While doing research on NYS liquor laws (for this thread http://boards.straightdope.com/sdmb/showthread.php?t=290556 ), I saw that a consistent restriction for many distillery licenses was that the containers in which the produced liquor was to be transported/sold be no larger than 1 quart in size.
This got me thinking … was the reason that the fifth-gallon bottle became the standard rather than the more common (for other fluids) quart because of similar laws restricting maximum container size for liquor to one quart? Hence, a fifth-gallon bottle would provide a comfortable margin so that the manufacturer would not be challenged by picky regulators?
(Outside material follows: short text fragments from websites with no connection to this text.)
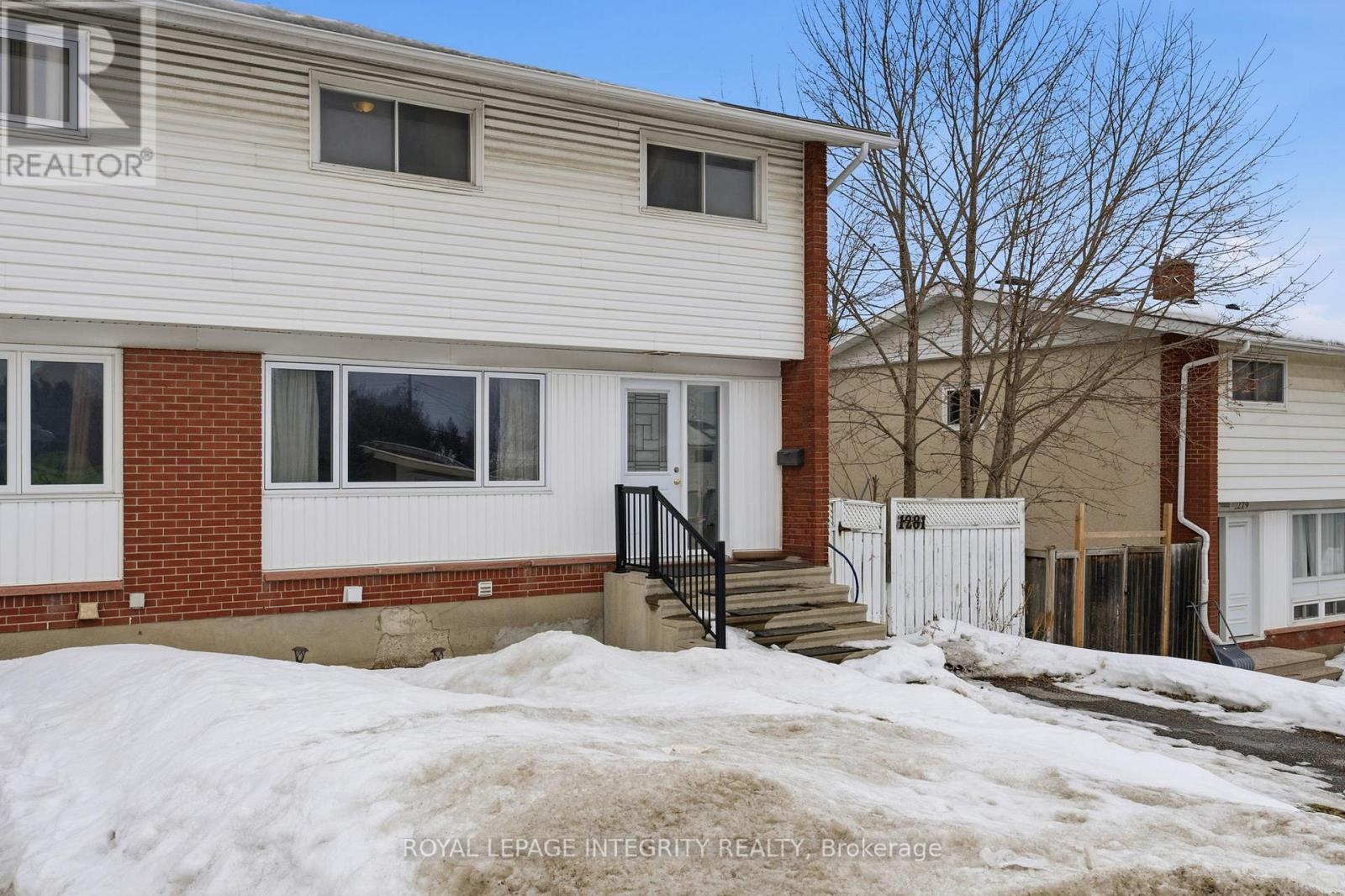 1281 Meadowlands Drive E, Ottawa, Ontario  K2E 6K4 - Photo 2 - X12807726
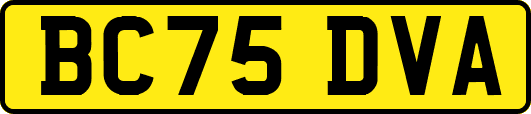 BC75DVA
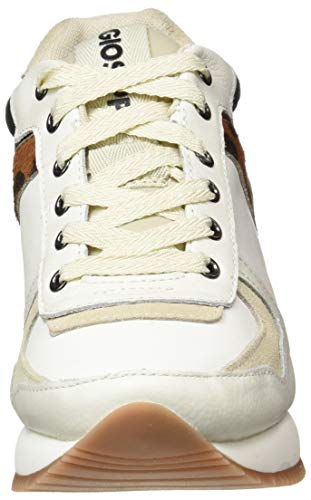 Gioseppo Eeklo, Zapatillas Mujer, Blanco, 39 EU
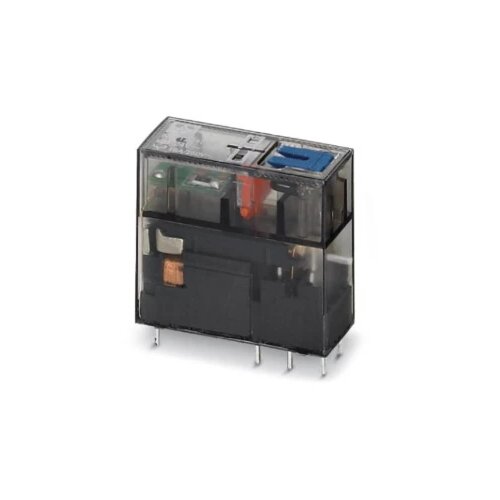  Relej za tiskanu pločicu 24 V/DC 16 A 1 preklopni Phoenix Contact REL-MR- 24DC/21HC AU/MS 10 kom. Slike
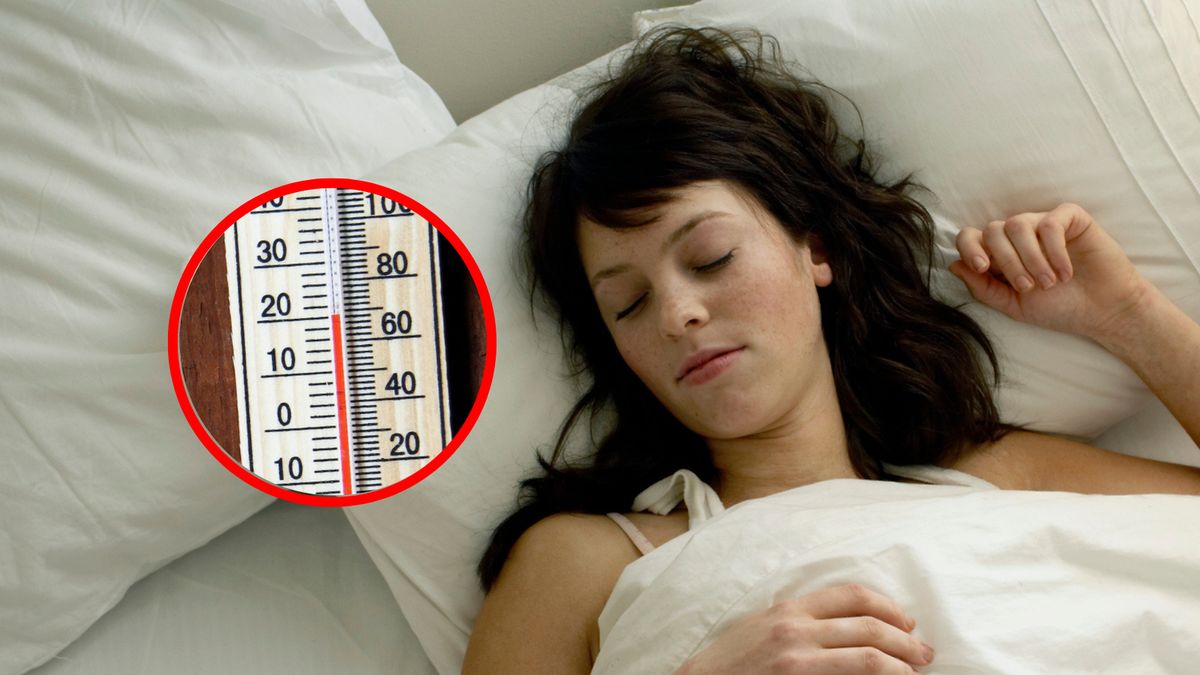Nie radzisz sobie z upałami w nocy? Spróbuj egipskiej metody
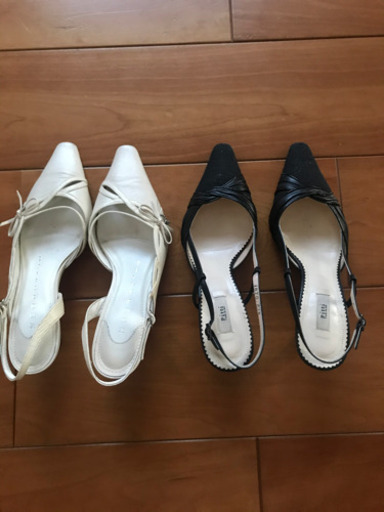 レディースヒール22.5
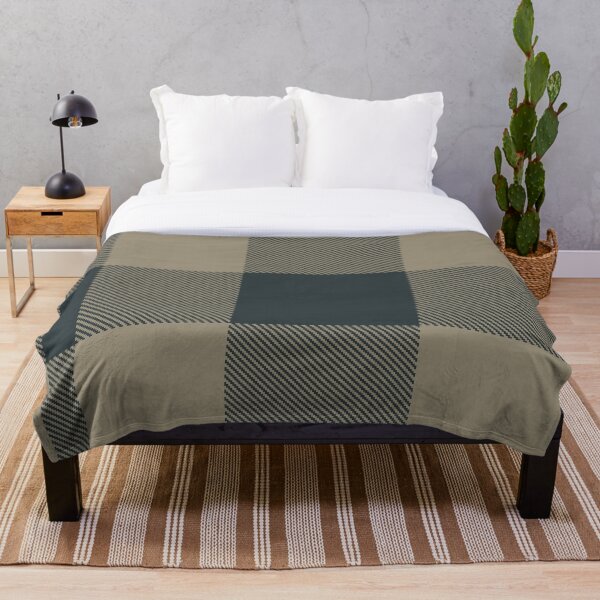 Artikelvorschau, Modernes Tartan-Plaid-Quilt-Design | Modernes und einzigartiges Streifendesign entworfen und verkauft von TheWalnut.
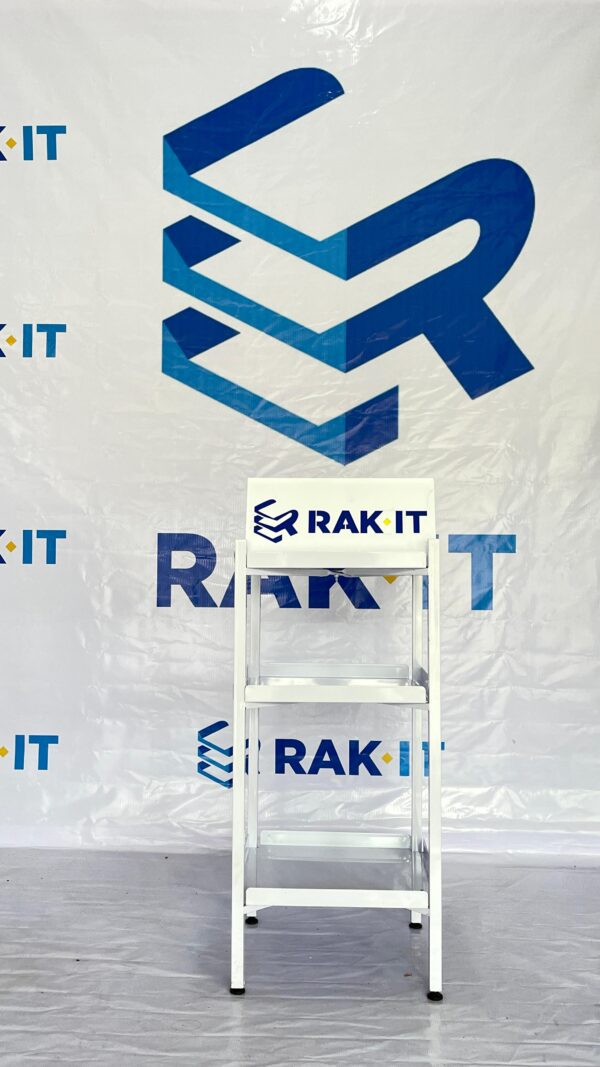 Rak Floor Rak Promo Rak Serbaguna - Gambar 4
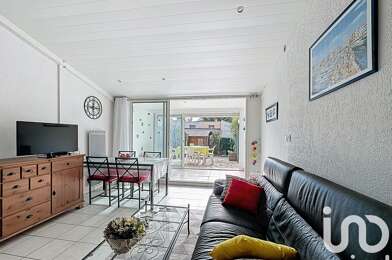 Maison 3 pièces 189000 €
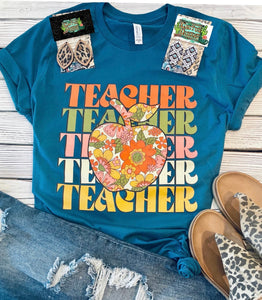 Retro Teacher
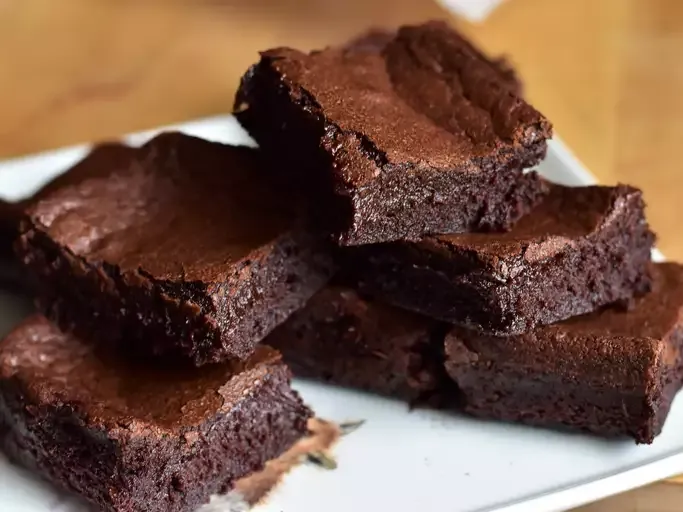 Chewiest Brownies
Related sidetrack: what’s the origin of the usage “shot” for a small measure of liquor to be consumed in one gulp? My wife came home one day having heard the story that, in the Old West, a bullet and a shot of whiskey cost the same, and the former were often traded to bartenders for the latter. But this sounds like folk etymology to me. Any OEDers?
It is also interresting to note that in Europe wine bottles are always 750ml (and multiples thereof), whereas stronger spirits are sold in bottles of 700ml (and multiples thereof).
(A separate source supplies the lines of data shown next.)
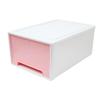 Caja de Almacenamiento de Plástico Tipo Cajón, Organizador de Maquillaje, Caja de Almacenamiento para Ropa Interior, Gabinete de Almacenamiento para Juguetes de Niños, Caja Organizadora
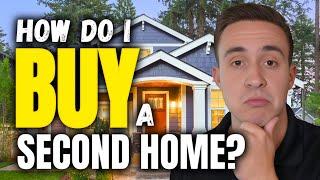 How to Buy a Second Home in Canada (2024) | Expert Tips and Strategies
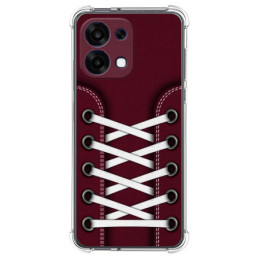 Funda Silicona Antigolpes para Oppo A6 Pro 5G diseño...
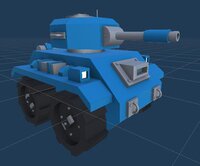 TankShooter-Test screenshot, image №3299967 - RAWG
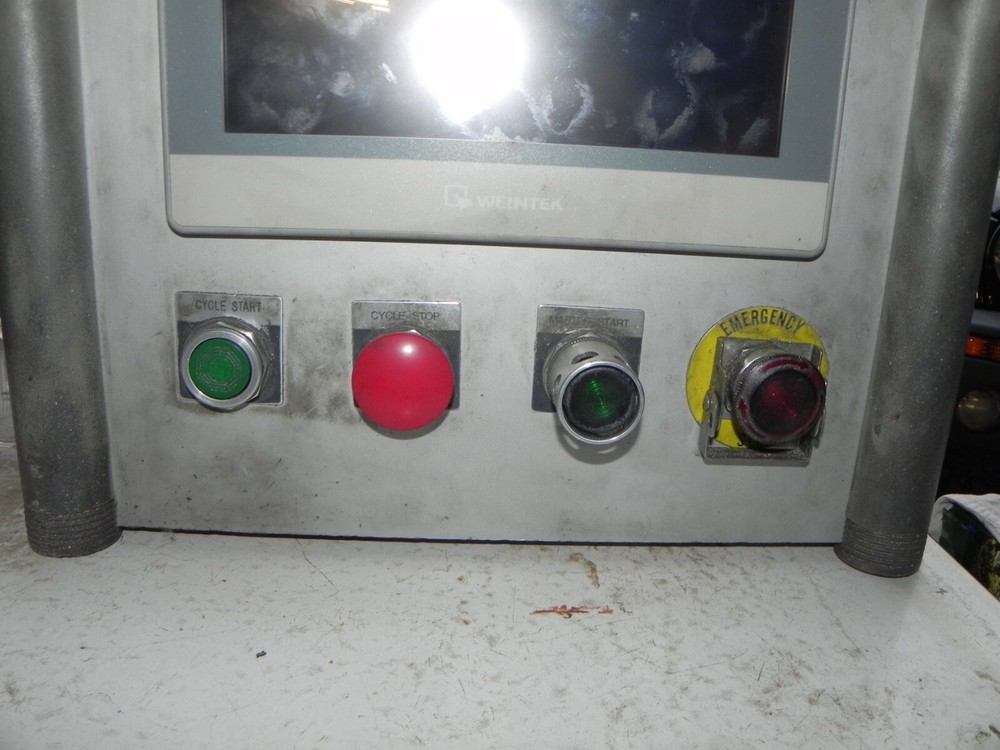 Rittal Industrial Control Box Panel CP-6530 with all Components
The Federal Alcohol Administration Act (27 USC § 205(e)) authorizes the Secretary of the Treasury to regulate the bottle sizes for wine, distilled spirits, and malt beverages. The Internal Revenue Code of 1986 (26 USC § 5301) likewise authorizes regulations regarding the kind and size of containers for distilled spirits. Distilled spirits regulations allow for several standards of fill (27 CFR § 5.47a). Wine regulations also authorize several standards of fill (27 CFR § 4.73). Malt beverage regulations do not currently prescribe standards of fill, but do address net contents statements on labels (27 CFR § 7.27).
The purpose of the standards of fill provisions is to prevent a proliferation of bottle sizes and shapes which would inevitably result in consumer confusion and deception with regard to the quantity and net contents of the alcohol beverage package. The uniformity in bottle sizes required by these standards also facilitates the proper calculation of Federal excise tax.
So, in a nutshell, the 700-800 ml size was already being used as a ‘loose standard.’ The US (and EU followed almost immediately) chose the 750 ml size as a push closer to the metric system, as well as to prevent consumer confusion.
750 millimeters was one thing; the fifth is another.
Before and immediately after Prohibition, hard liquor in the US was sold in quarts. However, as prices went up in the 30s (and people had less money), distillers did what others have done before and since: they sold less product for the same price (take a look at your average supermarket ice cream container these days). So instead of selling liquor by the quarter gallon, the sold it by the fifth of a gallon and the fifth was born. The OED has the origin of the term as 1938, which fits.
OED has an origin as from 1928, long after the Old West was tamed. The word was also used c 1676 with a similar meaning, but it was obsolete by the 19th century.
From *
the Stevens Point(WI) Journal*, 12 September, 1928:
So, the term was out there before prohibition ended. Not common, as I had trouble finding much that early. But, my cite would suggest that it didn’t just appear after prohibition as a way to sell less for the same price.